What you have to do: Exactly the lines from the one holding "Image of Rainbow" through the last line of the listing below must appear in the answer, and no pictures.

Dataset extract:
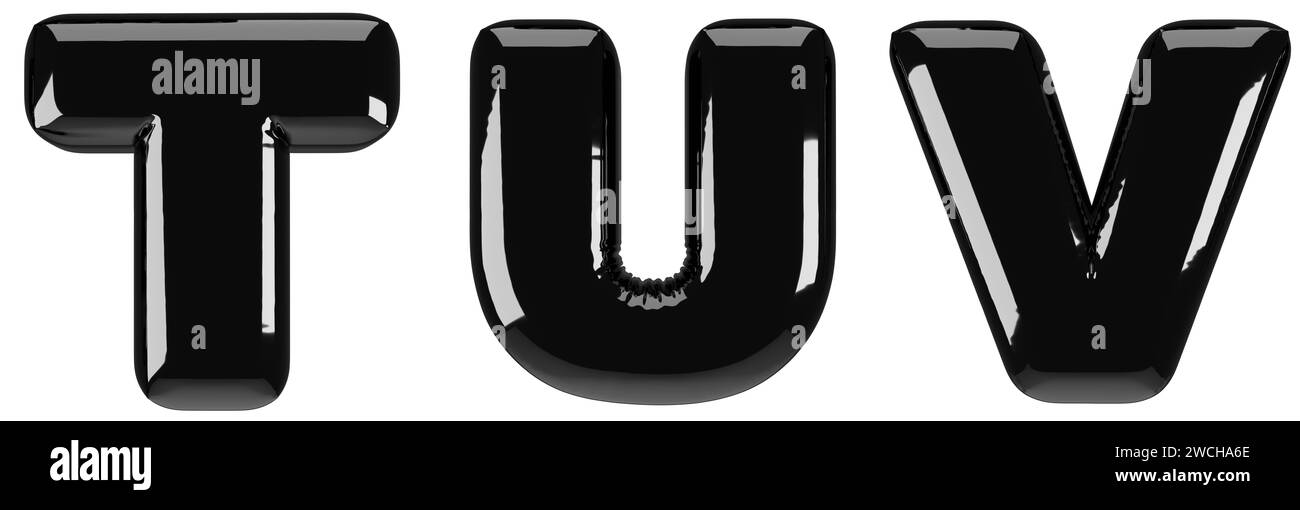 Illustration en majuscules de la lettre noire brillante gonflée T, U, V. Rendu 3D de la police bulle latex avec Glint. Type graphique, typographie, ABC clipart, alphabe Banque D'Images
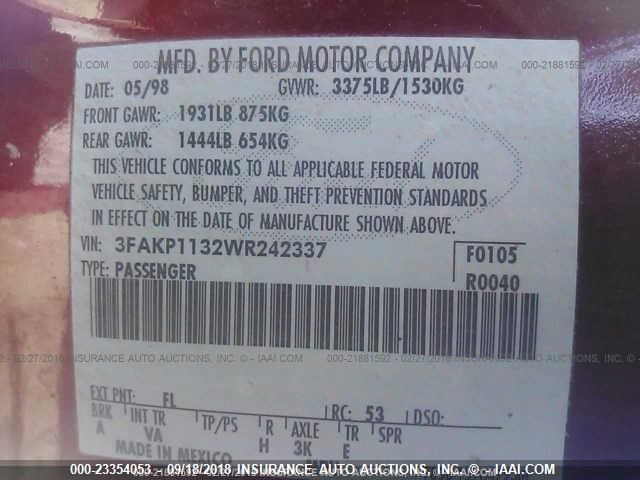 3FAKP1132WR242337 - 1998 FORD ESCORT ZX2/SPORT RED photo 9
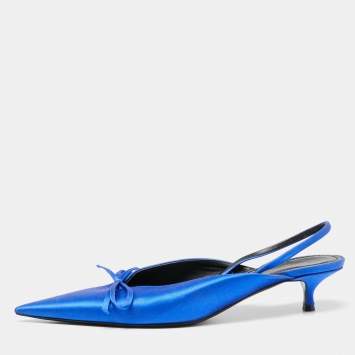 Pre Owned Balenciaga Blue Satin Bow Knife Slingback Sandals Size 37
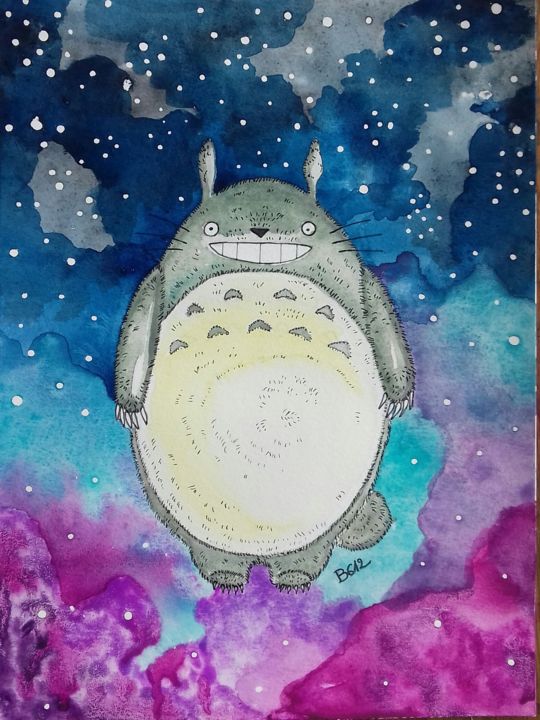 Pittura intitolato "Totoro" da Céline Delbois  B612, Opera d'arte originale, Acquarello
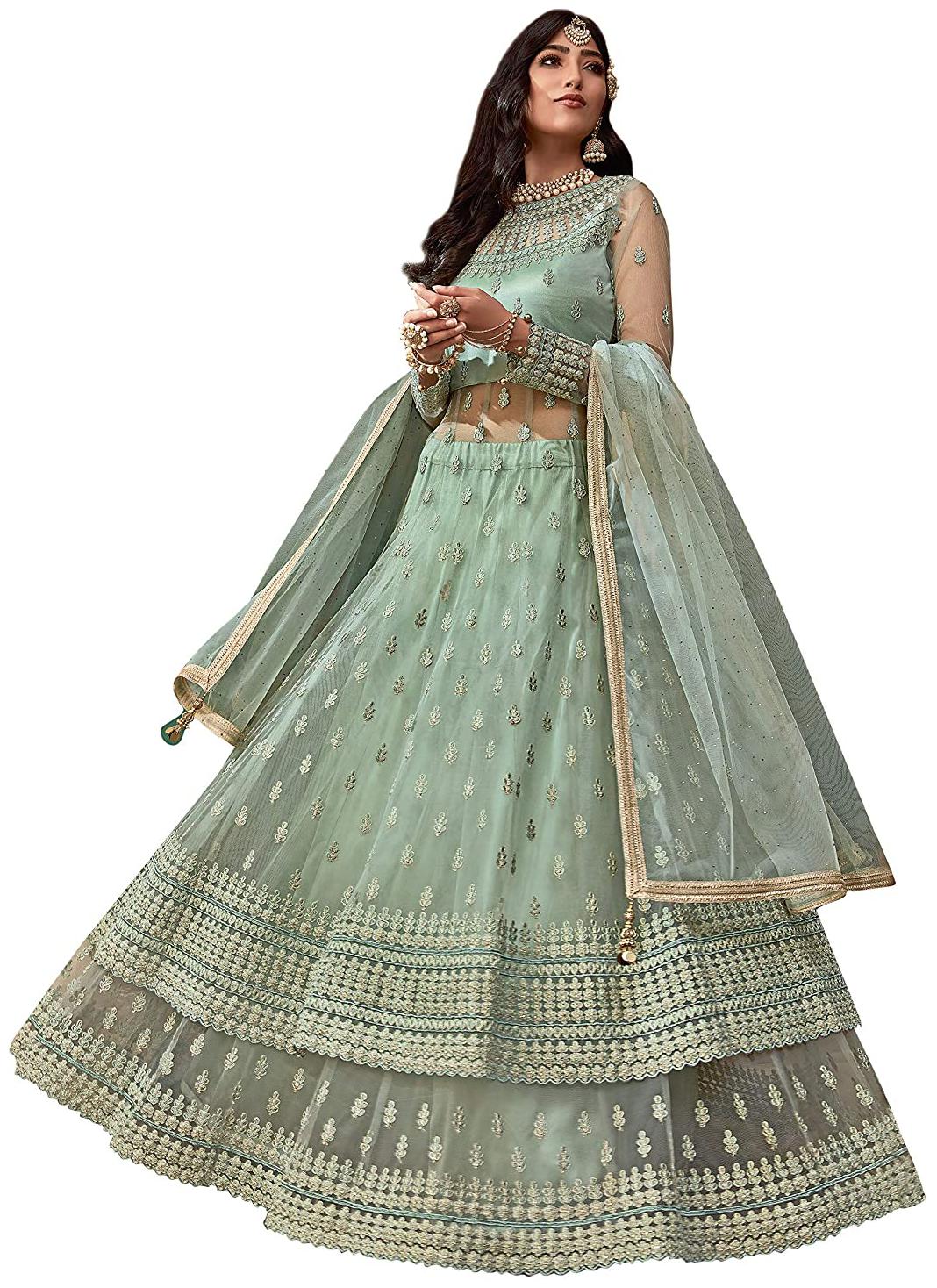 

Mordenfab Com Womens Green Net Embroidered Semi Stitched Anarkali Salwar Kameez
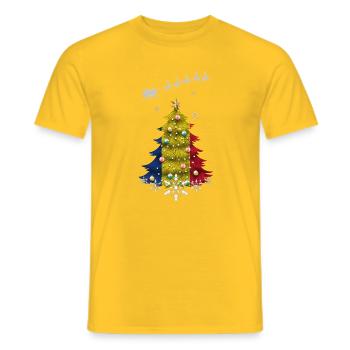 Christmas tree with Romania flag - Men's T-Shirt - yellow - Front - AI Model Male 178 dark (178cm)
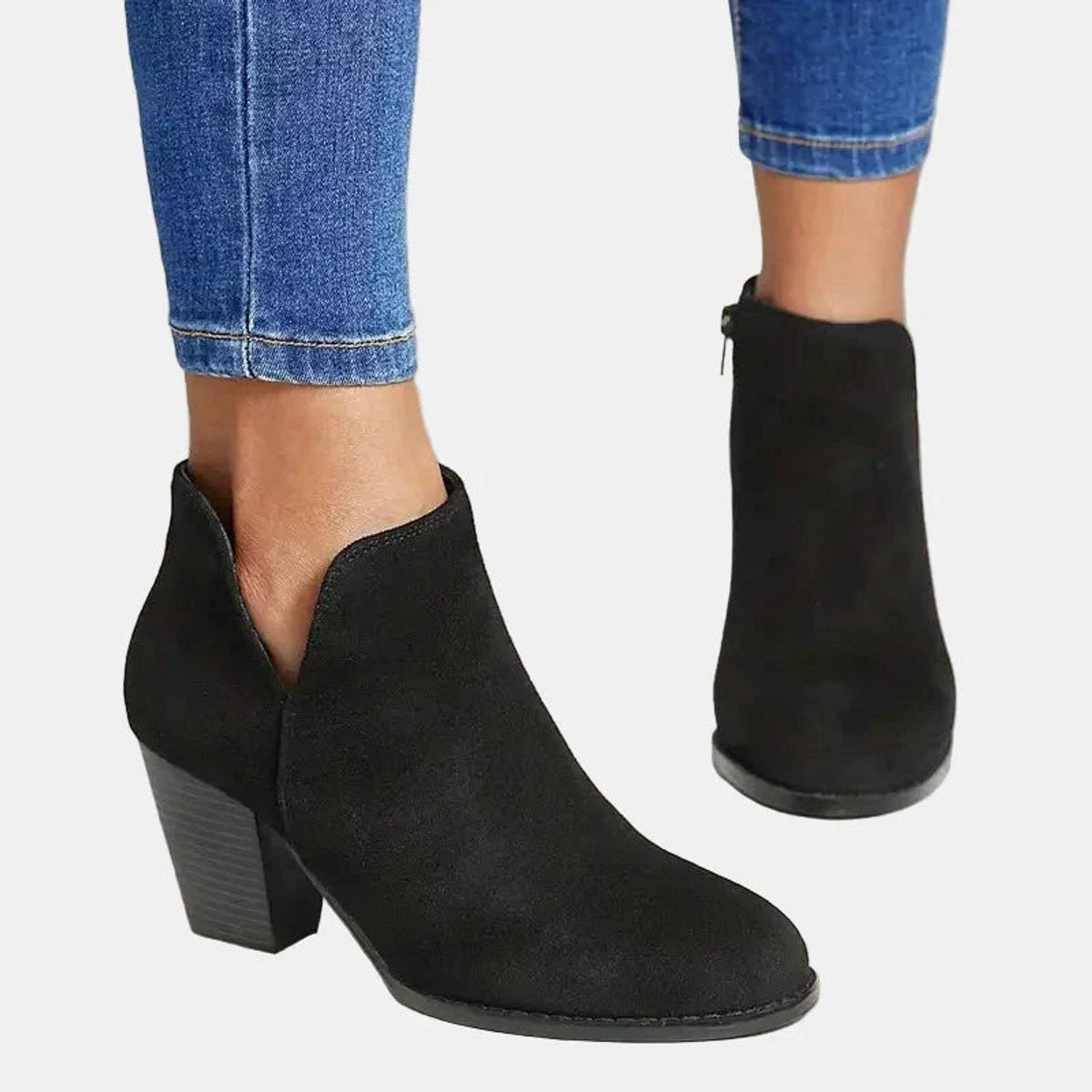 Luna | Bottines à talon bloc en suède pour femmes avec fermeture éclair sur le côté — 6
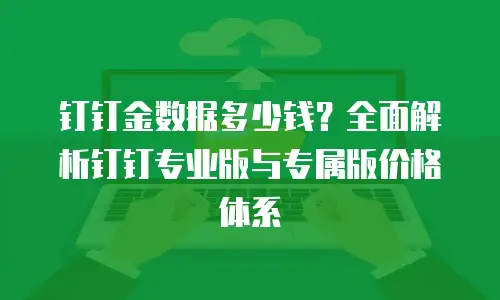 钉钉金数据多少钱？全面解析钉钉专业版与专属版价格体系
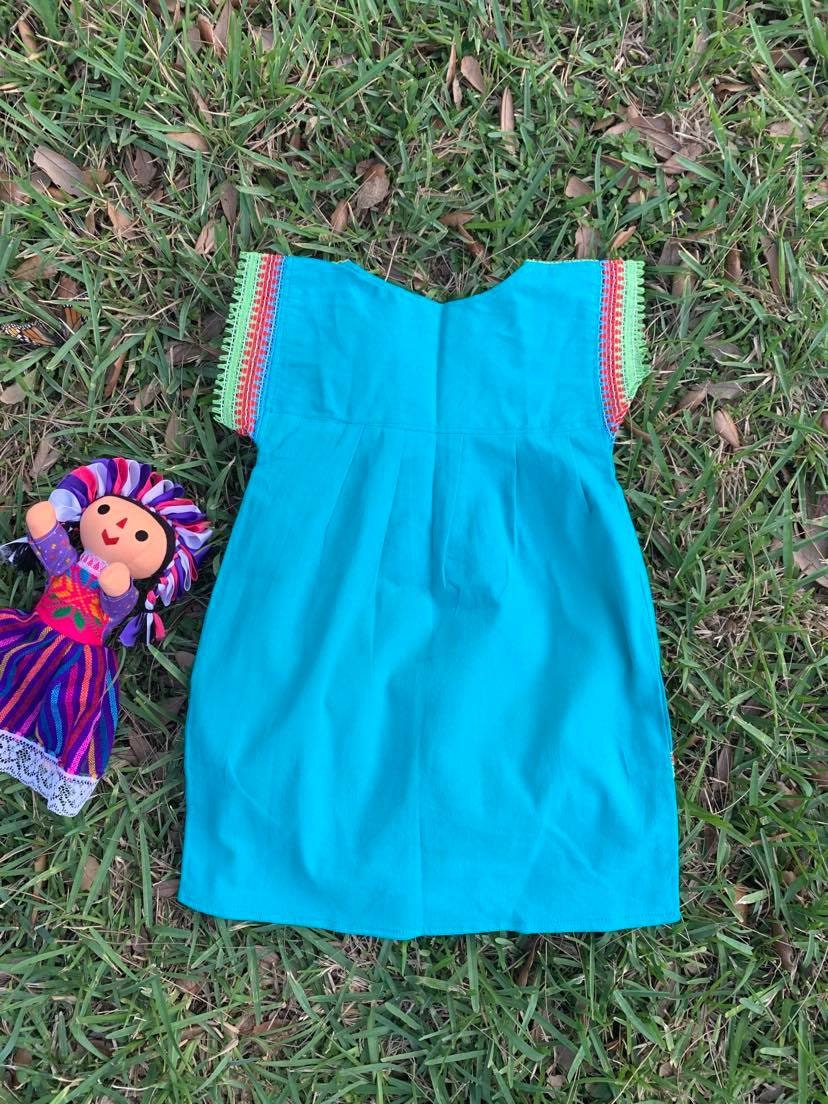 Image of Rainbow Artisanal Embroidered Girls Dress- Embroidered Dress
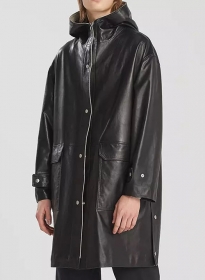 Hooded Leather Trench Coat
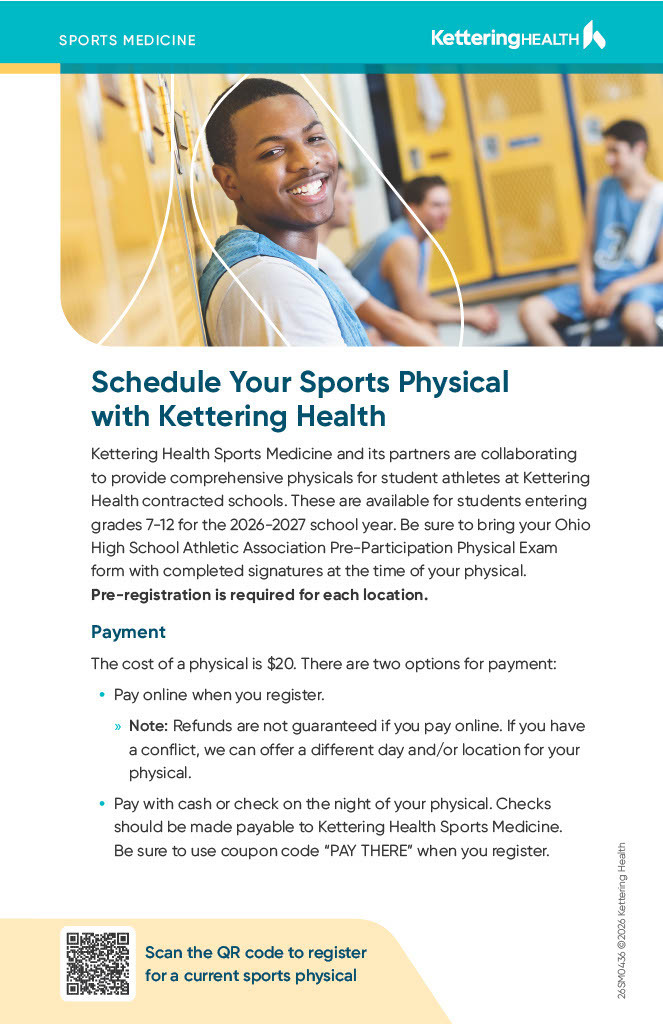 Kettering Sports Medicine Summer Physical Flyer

Response to this task:
 Image of Rainbow Artisanal Embroidered Girls Dress- Embroidered Dress
 Hooded Leather Trench Coat
 Kettering Sports Medicine Summer Physical Flyer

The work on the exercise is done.